• _TRY IT_
Transcribe all records verbatim.

---------- INPUT RECORDS ----------

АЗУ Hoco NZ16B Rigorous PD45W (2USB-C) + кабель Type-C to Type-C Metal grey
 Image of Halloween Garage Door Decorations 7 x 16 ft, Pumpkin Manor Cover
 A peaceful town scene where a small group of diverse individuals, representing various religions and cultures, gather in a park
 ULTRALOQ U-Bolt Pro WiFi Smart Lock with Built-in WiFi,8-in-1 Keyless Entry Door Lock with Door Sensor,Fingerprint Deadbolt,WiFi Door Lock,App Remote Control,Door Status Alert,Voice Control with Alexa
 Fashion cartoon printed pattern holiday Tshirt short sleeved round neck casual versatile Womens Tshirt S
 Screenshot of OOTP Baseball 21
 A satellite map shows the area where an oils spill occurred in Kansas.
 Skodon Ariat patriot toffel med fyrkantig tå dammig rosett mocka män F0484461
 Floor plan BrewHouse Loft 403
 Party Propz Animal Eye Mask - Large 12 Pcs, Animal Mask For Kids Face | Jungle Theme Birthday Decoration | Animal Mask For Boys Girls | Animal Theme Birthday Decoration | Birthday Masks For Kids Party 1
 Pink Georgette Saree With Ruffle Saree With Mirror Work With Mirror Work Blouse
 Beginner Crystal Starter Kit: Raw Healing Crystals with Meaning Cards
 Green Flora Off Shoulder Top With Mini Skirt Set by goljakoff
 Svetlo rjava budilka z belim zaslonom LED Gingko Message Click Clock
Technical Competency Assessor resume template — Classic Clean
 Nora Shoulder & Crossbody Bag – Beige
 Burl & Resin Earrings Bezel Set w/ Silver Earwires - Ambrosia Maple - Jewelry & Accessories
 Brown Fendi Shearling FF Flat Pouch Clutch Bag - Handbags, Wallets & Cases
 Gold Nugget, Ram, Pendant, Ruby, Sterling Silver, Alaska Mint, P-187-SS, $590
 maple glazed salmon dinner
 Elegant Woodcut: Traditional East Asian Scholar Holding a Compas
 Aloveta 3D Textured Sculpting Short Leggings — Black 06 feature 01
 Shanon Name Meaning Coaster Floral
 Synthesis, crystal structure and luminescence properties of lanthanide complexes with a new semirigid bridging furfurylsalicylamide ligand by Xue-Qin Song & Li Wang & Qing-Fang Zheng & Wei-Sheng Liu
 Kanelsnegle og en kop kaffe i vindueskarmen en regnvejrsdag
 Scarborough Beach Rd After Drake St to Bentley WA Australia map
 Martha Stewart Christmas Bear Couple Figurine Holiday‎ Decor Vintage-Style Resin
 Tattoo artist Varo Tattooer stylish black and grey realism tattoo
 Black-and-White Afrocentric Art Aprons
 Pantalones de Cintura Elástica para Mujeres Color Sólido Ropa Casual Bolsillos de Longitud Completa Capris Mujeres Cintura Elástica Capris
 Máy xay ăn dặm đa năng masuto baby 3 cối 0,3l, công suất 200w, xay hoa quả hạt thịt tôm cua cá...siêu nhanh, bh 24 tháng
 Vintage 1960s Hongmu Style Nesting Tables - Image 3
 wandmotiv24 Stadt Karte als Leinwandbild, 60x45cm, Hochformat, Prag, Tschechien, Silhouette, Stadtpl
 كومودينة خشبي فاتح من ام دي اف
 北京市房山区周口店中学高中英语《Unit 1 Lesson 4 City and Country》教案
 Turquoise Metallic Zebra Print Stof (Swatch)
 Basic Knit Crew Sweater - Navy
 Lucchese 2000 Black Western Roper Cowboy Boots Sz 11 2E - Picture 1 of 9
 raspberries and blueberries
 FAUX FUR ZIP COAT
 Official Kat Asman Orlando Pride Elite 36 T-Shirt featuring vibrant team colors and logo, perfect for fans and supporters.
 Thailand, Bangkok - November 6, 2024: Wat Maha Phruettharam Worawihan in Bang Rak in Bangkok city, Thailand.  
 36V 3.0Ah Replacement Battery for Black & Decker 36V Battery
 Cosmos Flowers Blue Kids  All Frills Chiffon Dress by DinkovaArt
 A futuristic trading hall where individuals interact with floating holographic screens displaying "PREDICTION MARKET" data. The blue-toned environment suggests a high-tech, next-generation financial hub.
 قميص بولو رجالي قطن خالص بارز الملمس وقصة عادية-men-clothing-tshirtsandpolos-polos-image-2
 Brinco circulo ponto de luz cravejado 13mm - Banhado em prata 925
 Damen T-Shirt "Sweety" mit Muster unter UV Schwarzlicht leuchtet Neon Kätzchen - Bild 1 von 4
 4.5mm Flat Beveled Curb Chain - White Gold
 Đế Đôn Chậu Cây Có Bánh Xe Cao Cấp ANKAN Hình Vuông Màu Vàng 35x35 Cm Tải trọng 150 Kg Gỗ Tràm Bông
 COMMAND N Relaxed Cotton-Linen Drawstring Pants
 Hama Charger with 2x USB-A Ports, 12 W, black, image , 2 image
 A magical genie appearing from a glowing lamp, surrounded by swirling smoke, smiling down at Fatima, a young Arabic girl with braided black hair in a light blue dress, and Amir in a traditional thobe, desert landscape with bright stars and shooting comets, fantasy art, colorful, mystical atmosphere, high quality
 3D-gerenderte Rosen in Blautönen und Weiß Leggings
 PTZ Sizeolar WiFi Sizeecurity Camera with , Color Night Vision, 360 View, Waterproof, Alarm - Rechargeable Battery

----------

• _EXERCISE RESPONSE_
АЗУ Hoco NZ16B Rigorous PD45W (2USB-C) + кабель Type-C to Type-C Metal grey
 Image of Halloween Garage Door Decorations 7 x 16 ft, Pumpkin Manor Cover
 A peaceful town scene where a small group of diverse individuals, representing various religions and cultures, gather in a park
 ULTRALOQ U-Bolt Pro WiFi Smart Lock with Built-in WiFi,8-in-1 Keyless Entry Door Lock with Door Sensor,Fingerprint Deadbolt,WiFi Door Lock,App Remote Control,Door Status Alert,Voice Control with Alexa
 Fashion cartoon printed pattern holiday Tshirt short sleeved round neck casual versatile Womens Tshirt S
 Screenshot of OOTP Baseball 21
 A satellite map shows the area where an oils spill occurred in Kansas.
 Skodon Ariat patriot toffel med fyrkantig tå dammig rosett mocka män F0484461
 Floor plan BrewHouse Loft 403
 Party Propz Animal Eye Mask - Large 12 Pcs, Animal Mask For Kids Face | Jungle Theme Birthday Decoration | Animal Mask For Boys Girls | Animal Theme Birthday Decoration | Birthday Masks For Kids Party 1
 Pink Georgette Saree With Ruffle Saree With Mirror Work With Mirror Work Blouse
 Beginner Crystal Starter Kit: Raw Healing Crystals with Meaning Cards
 Green Flora Off Shoulder Top With Mini Skirt Set by goljakoff
 Svetlo rjava budilka z belim zaslonom LED Gingko Message Click Clock
Technical Competency Assessor resume template — Classic Clean
 Nora Shoulder & Crossbody Bag – Beige
 Burl & Resin Earrings Bezel Set w/ Silver Earwires - Ambrosia Maple - Jewelry & Accessories
 Brown Fendi Shearling FF Flat Pouch Clutch Bag - Handbags, Wallets & Cases
 Gold Nugget, Ram, Pendant, Ruby, Sterling Silver, Alaska Mint, P-187-SS, $590
 maple glazed salmon dinner
 Elegant Woodcut: Traditional East Asian Scholar Holding a Compas
 Aloveta 3D Textured Sculpting Short Leggings — Black 06 feature 01
 Shanon Name Meaning Coaster Floral
 Synthesis, crystal structure and luminescence properties of lanthanide complexes with a new semirigid bridging furfurylsalicylamide ligand by Xue-Qin Song & Li Wang & Qing-Fang Zheng & Wei-Sheng Liu
 Kanelsnegle og en kop kaffe i vindueskarmen en regnvejrsdag
 Scarborough Beach Rd After Drake St to Bentley WA Australia map
 Martha Stewart Christmas Bear Couple Figurine Holiday‎ Decor Vintage-Style Resin
 Tattoo artist Varo Tattooer stylish black and grey realism tattoo
 Black-and-White Afrocentric Art Aprons
 Pantalones de Cintura Elástica para Mujeres Color Sólido Ropa Casual Bolsillos de Longitud Completa Capris Mujeres Cintura Elástica Capris
 Máy xay ăn dặm đa năng masuto baby 3 cối 0,3l, công suất 200w, xay hoa quả hạt thịt tôm cua cá...siêu nhanh, bh 24 tháng
 Vintage 1960s Hongmu Style Nesting Tables - Image 3
 wandmotiv24 Stadt Karte als Leinwandbild, 60x45cm, Hochformat, Prag, Tschechien, Silhouette, Stadtpl
 كومودينة خشبي فاتح من ام دي اف
 北京市房山区周口店中学高中英语《Unit 1 Lesson 4 City and Country》教案
 Turquoise Metallic Zebra Print Stof (Swatch)
 Basic Knit Crew Sweater - Navy
 Lucchese 2000 Black Western Roper Cowboy Boots Sz 11 2E - Picture 1 of 9
 raspberries and blueberries
 FAUX FUR ZIP COAT
 Official Kat Asman Orlando Pride Elite 36 T-Shirt featuring vibrant team colors and logo, perfect for fans and supporters.
 Thailand, Bangkok - November 6, 2024: Wat Maha Phruettharam Worawihan in Bang Rak in Bangkok city, Thailand.  
 36V 3.0Ah Replacement Battery for Black & Decker 36V Battery
 Cosmos Flowers Blue Kids  All Frills Chiffon Dress by DinkovaArt
 A futuristic trading hall where individuals interact with floating holographic screens displaying "PREDICTION MARKET" data. The blue-toned environment suggests a high-tech, next-generation financial hub.
 قميص بولو رجالي قطن خالص بارز الملمس وقصة عادية-men-clothing-tshirtsandpolos-polos-image-2
 Brinco circulo ponto de luz cravejado 13mm - Banhado em prata 925
 Damen T-Shirt "Sweety" mit Muster unter UV Schwarzlicht leuchtet Neon Kätzchen - Bild 1 von 4
 4.5mm Flat Beveled Curb Chain - White Gold
 Đế Đôn Chậu Cây Có Bánh Xe Cao Cấp ANKAN Hình Vuông Màu Vàng 35x35 Cm Tải trọng 150 Kg Gỗ Tràm Bông
 COMMAND N Relaxed Cotton-Linen Drawstring Pants
 Hama Charger with 2x USB-A Ports, 12 W, black, image , 2 image
 A magical genie appearing from a glowing lamp, surrounded by swirling smoke, smiling down at Fatima, a young Arabic girl with braided black hair in a light blue dress, and Amir in a traditional thobe, desert landscape with bright stars and shooting comets, fantasy art, colorful, mystical atmosphere, high quality
 3D-gerenderte Rosen in Blautönen und Weiß Leggings
 PTZ Sizeolar WiFi Sizeecurity Camera with , Color Night Vision, 360 View, Waterproof, Alarm - Rechargeable Battery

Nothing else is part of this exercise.